### The task:
Your answer must be the lines from the one containing "5-Dimensional Multipurpose Land" through the last line below, copied exactly, with no pictures.

Stored items:

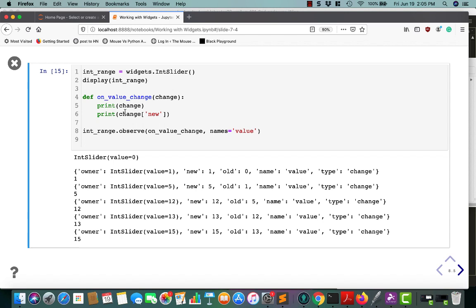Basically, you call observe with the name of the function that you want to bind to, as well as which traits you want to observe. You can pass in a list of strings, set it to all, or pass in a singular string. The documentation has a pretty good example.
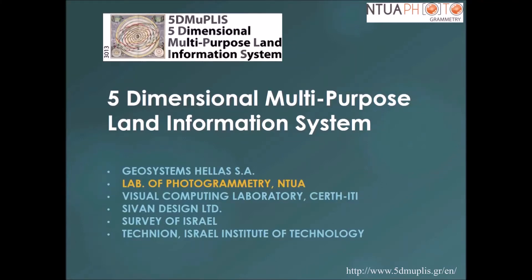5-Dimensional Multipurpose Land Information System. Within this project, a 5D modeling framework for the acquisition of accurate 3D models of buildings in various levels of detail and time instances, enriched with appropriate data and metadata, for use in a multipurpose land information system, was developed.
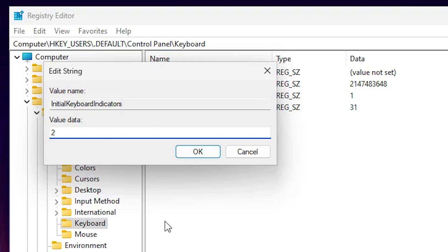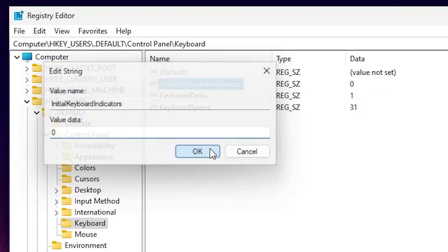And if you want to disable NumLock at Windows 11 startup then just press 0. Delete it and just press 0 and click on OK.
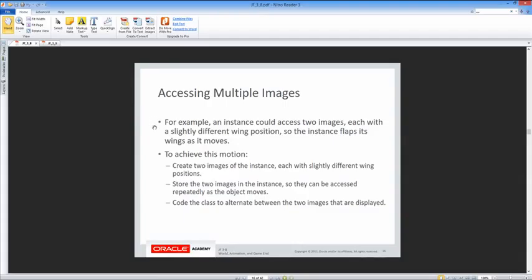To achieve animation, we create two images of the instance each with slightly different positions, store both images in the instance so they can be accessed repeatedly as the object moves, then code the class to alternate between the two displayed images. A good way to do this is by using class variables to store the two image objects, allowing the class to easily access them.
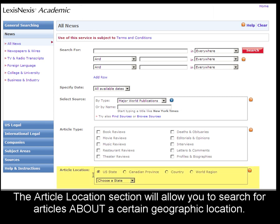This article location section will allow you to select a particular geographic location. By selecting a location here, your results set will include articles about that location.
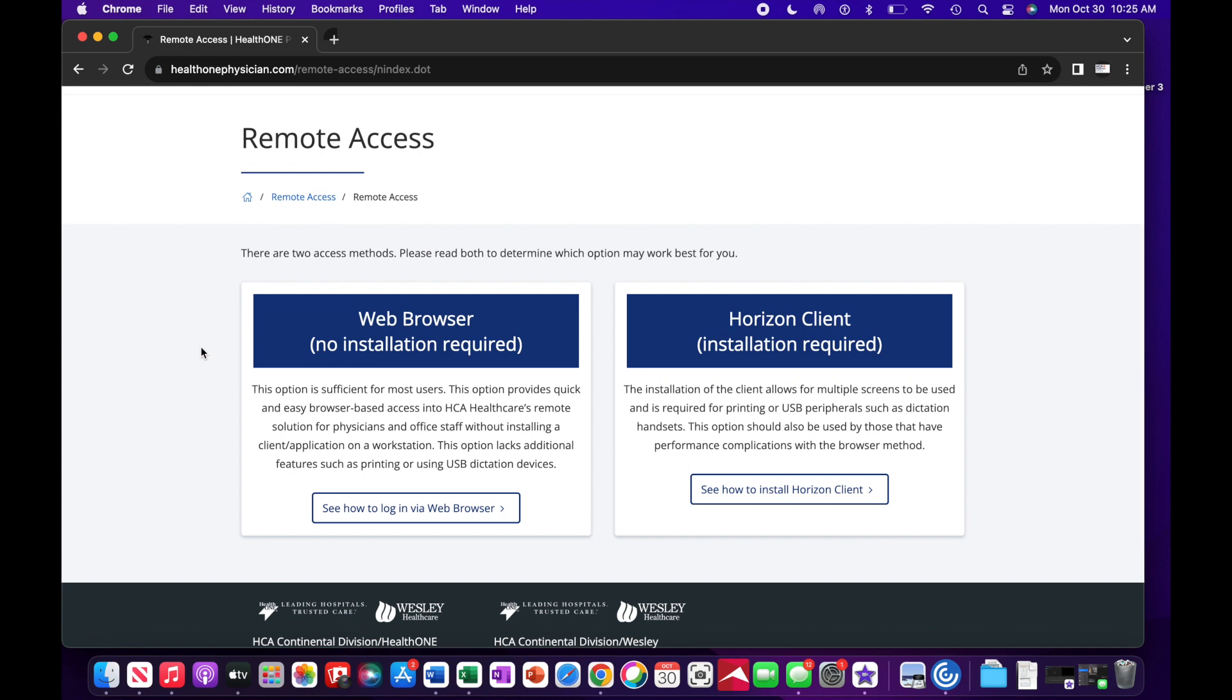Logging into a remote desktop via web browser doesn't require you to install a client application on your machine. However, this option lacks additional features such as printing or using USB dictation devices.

### Written response:
5-Dimensional Multipurpose Land Information System. Within this project, a 5D modeling framework for the acquisition of accurate 3D models of buildings in various levels of detail and time instances, enriched with appropriate data and metadata, for use in a multipurpose land information system, was developed.
And if you want to disable NumLock at Windows 11 startup then just press 0. Delete it and just press 0 and click on OK.
To achieve animation, we create two images of the instance each with slightly different positions, store both images in the instance so they can be accessed repeatedly as the object moves, then code the class to alternate between the two displayed images. A good way to do this is by using class variables to store the two image objects, allowing the class to easily access them.
This article location section will allow you to select a particular geographic location. By selecting a location here, your results set will include articles about that location.
Logging into a remote desktop via web browser doesn't require you to install a client application on your machine. However, this option lacks additional features such as printing or using USB dictation devices.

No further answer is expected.